Chaim Gingold (one of the developers of Spore) made "Earth: A Primer", a cool interactive educational simulation science book. It's a live earth simulation sandbox that teaches about plate tectonics, volcanos, erosion, hydrology, water cycles, climatology, rain shadows, and other cool stuff, and was inspired by Neil Stephenson's young lady's illustrated primer, but on a somewhat different physical scale:
>As part of the Experimental Gameplay Workshop for GDC 2015, Chaim Gingold presents Earth Primer, an app that's a 'science book for playful people.' As the description of the experience from the ex-Spore programmer explains: "Visit volcanoes, glaciers, sand dunes. Play with them, look inside, and see how they work. The forces of nature are at your fingertips."
The 'Sandbox' on the Earth Primer app fosters creativity.

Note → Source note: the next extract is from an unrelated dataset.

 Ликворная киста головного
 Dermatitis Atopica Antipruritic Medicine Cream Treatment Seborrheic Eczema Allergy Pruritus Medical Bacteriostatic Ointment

>I took this video of myself fiddling with the differing features of the 'Sandbox' on the Earth Primer app. 'Sandbox' ultimately fosters creativity in students as they create their own, completely unique, landscapes using the technical capabilities that they have developed throughout the initial stages of the app.

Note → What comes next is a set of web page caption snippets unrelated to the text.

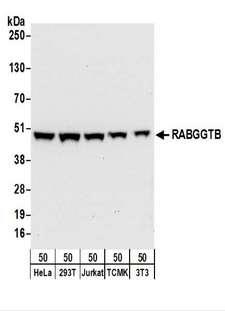 RABGGTB Antibody - Detection of Human and Mouse RABGGTB by Western Blot. Samples: Whole cell lysate (50 ug) from HeLa, 293T, Jurkat, mouse TCMK-1, and mouse NIH3T3 cells. Antibodies: Affinity purified rabbit anti-RABGGTB antibody used for WB at 0.1 ug/ml. Detection: Chemiluminescence with an exposure time of 30 seconds.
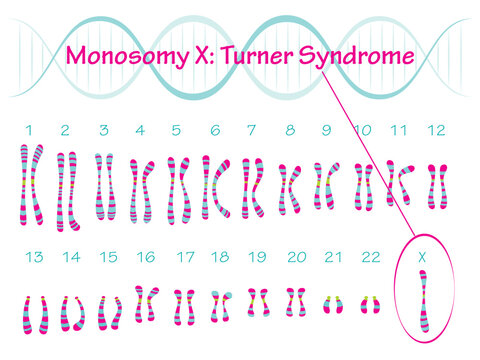 Monosomy X: Turner Syndrome Karyotype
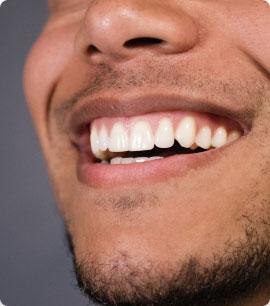 Gum Health Image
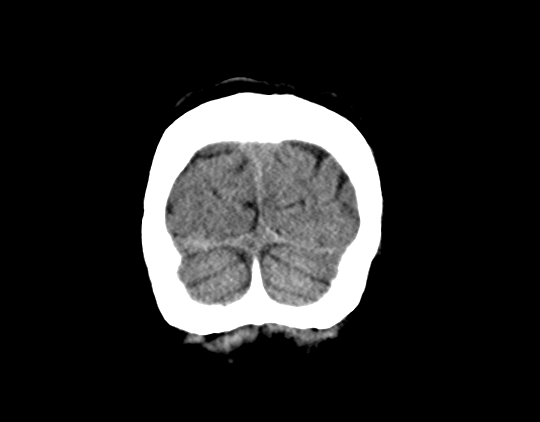 Cerebral arteriovenous malformation with lobar hemorrhage (Radiopaedia 44725-48510 Coronal non-contrast 43).png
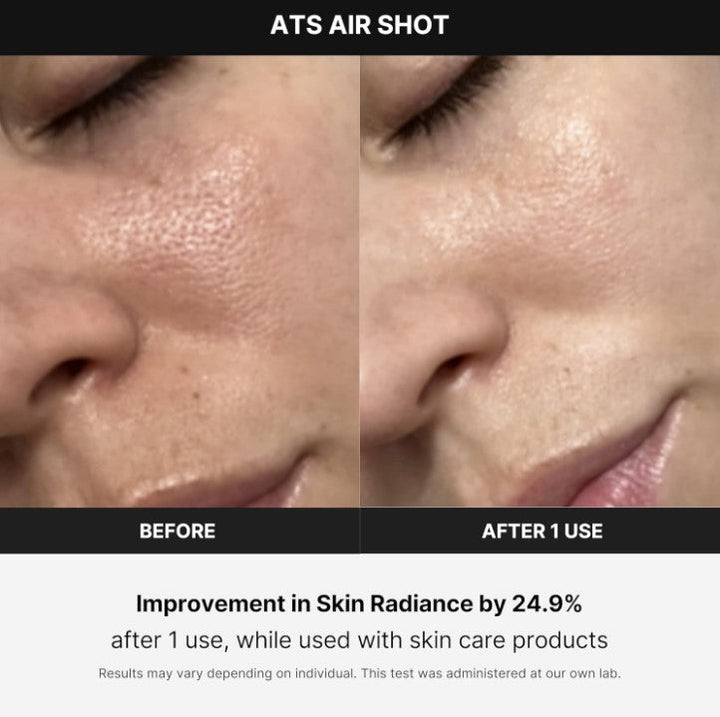 Medicube Age-R ATS Air Shot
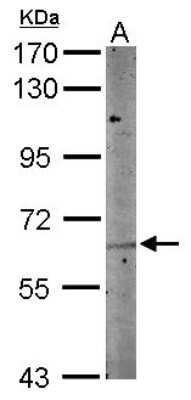 Western Blot: NTNG1 Antibody [NBP2-15047]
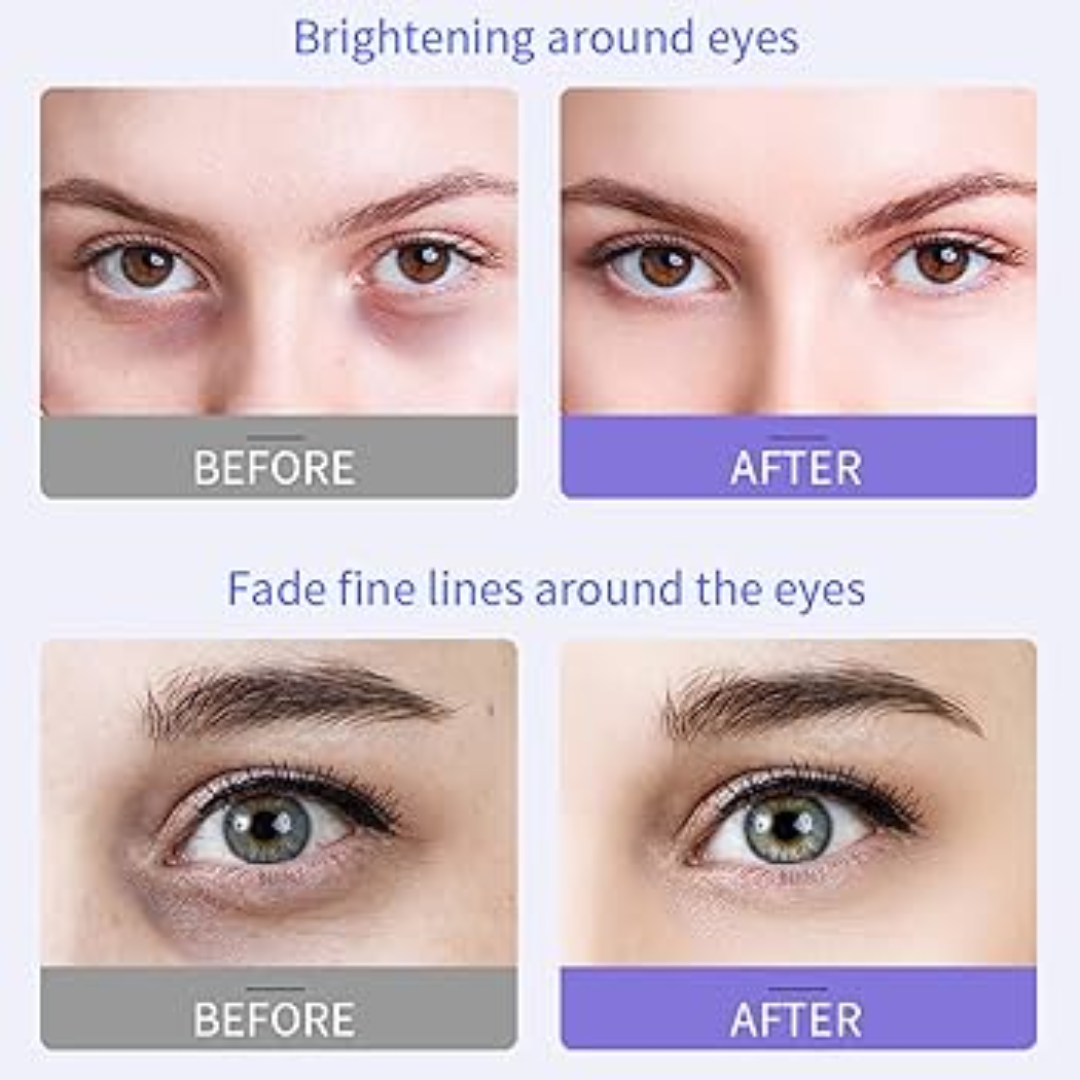 Anti-Wrinkle cream by Mary & May - Reduce dark spots & Fine lines - 2025 Best Cream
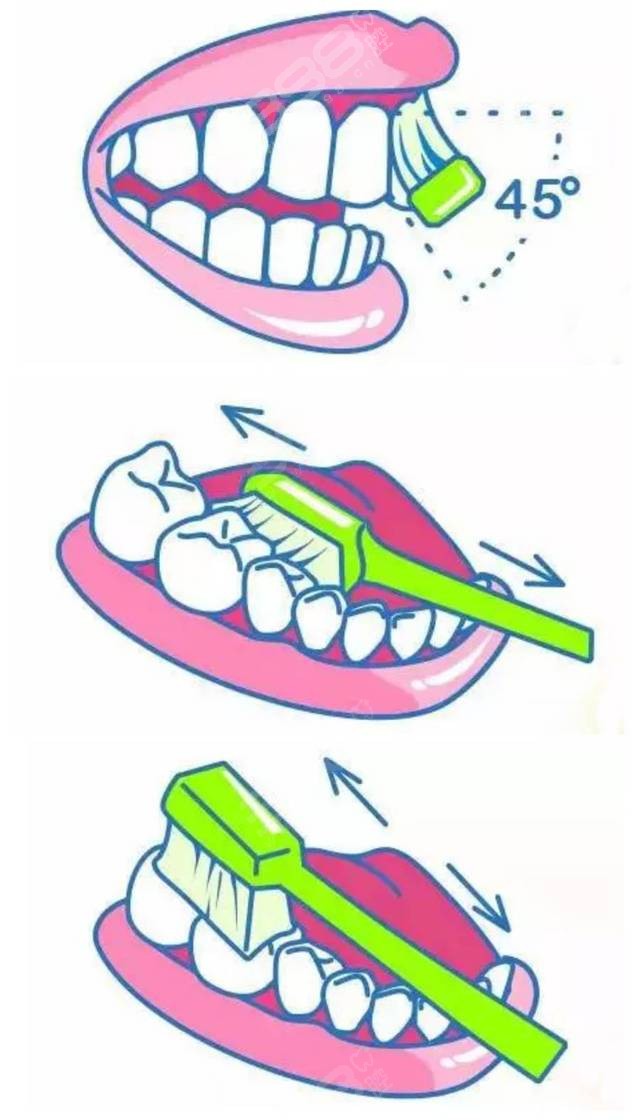 刷牙法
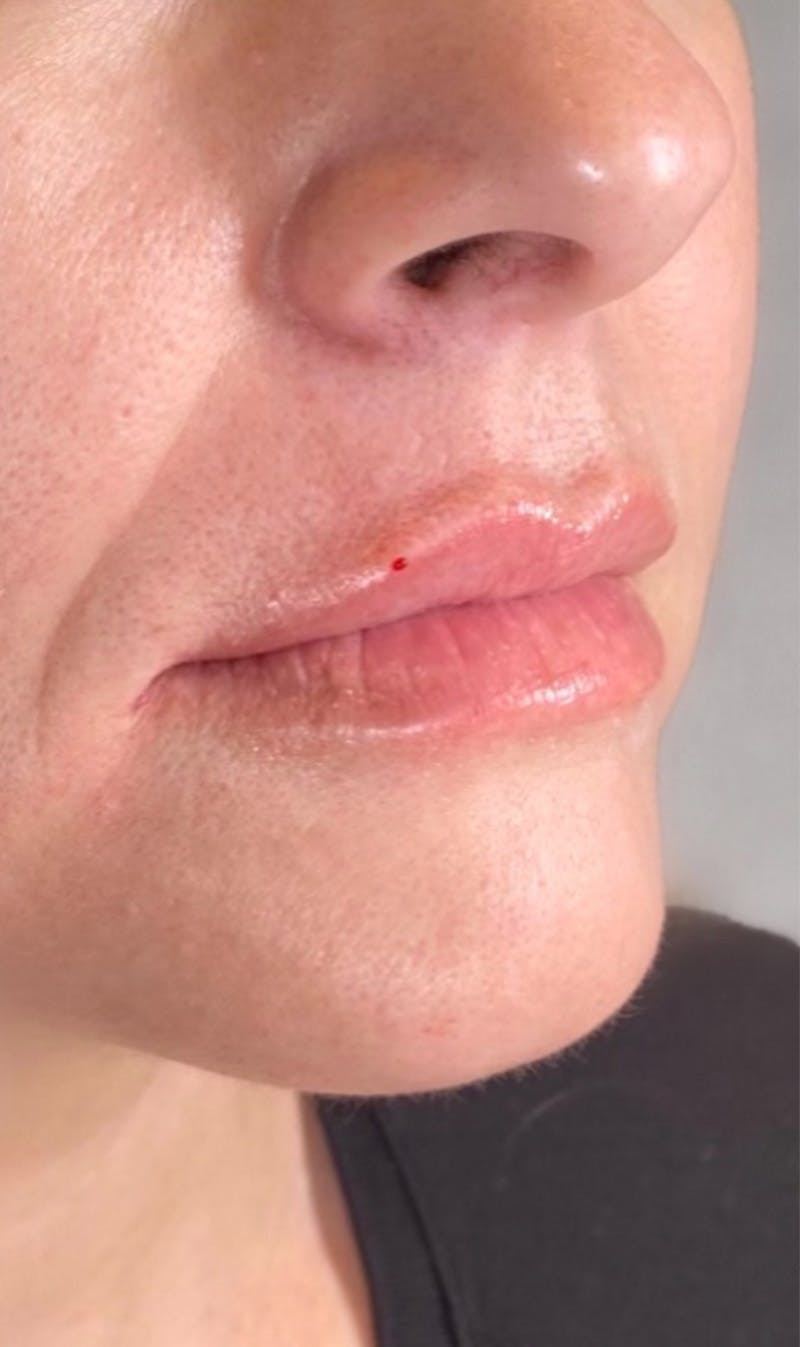 Fillers Before & After Gallery - Patient 123774580 - Image 2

Chaim's amazing, and Earth Primer is one of his finest pieces of work, inspired by other simulation games like SimCity, SimEarth, and Spore. Check out his Experimental Gameplay Workshop talk and demo -- he shows it in action and tells about how Earth Primer is an example of a genre of educational simulation software that combine telling, showing, and doing. He's currently finishing up a book about the history of SimCity and computer simulations.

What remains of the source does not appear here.